If you’re like me, the thought of three-mile-wide comet striking the Earth terrifies you. I mean the last time we got hit by one, woowee, things were bad! We’re talking mass extinction with exclamation points everywhere!!!! And if you’re thinking I’m making all this up, go ask a dinosaur how things went down. Couldn’t find a dinosaur, could you? See? I was right.
Oh sure, there are some good things that would come with the obliteration of humanity. Some that occur to me: are eating English toffee ice cream and not caring a bit about the calories, no waiting in line at the DMV, no more filing of estimated taxes, never ever hearing again the theme song to Barney the Dinosaur, no more election ads, AND no more spring cleaning.
But no matter how much you try to put a happy face on this, mass extinctions are a bummer.
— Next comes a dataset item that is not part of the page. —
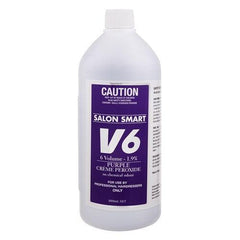 Salon Smart Purple Hair Peroxide Volume 6 1000 ml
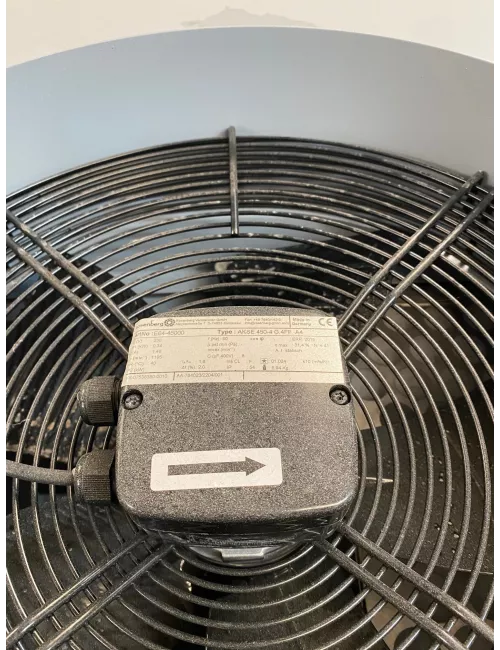 CABINE D'EMAILLAGE CPA-1000 RIDEAU D'EAU GRAND MODELE INOX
You’ll miss things like: hot-and-heavy sex, breathing, shredded beef tacos in a crispy shell, root beer, and crossword puzzles*
So overall, I think it’s best if we deal with the incoming comets that everyone talks about. Here is my plan. It is devastating in its utter simplicity.
Have the comets bounce back into space off a three-mile wide trampoline. Tada! The world is saved.
Of course, we’ll need helicopters to fly the trampoline to wherever it will be needed, but that should be easy to arrange. And in the meantime, it’ll be a fantastic release for millions of energetic kids the world over who love to bounce, bounce, bounce. Face it, most people start wars because they’ve spent too much time with shrieking, whining, bored kids and just plain flipped out.
So, there you go, I’m saving the world at least two times. You’re welcome. I expect to Nobel Prize any moment now.
* = If you can find someone who lets you do crossword puzzles during hot and heavy sex, propose marriage immediately.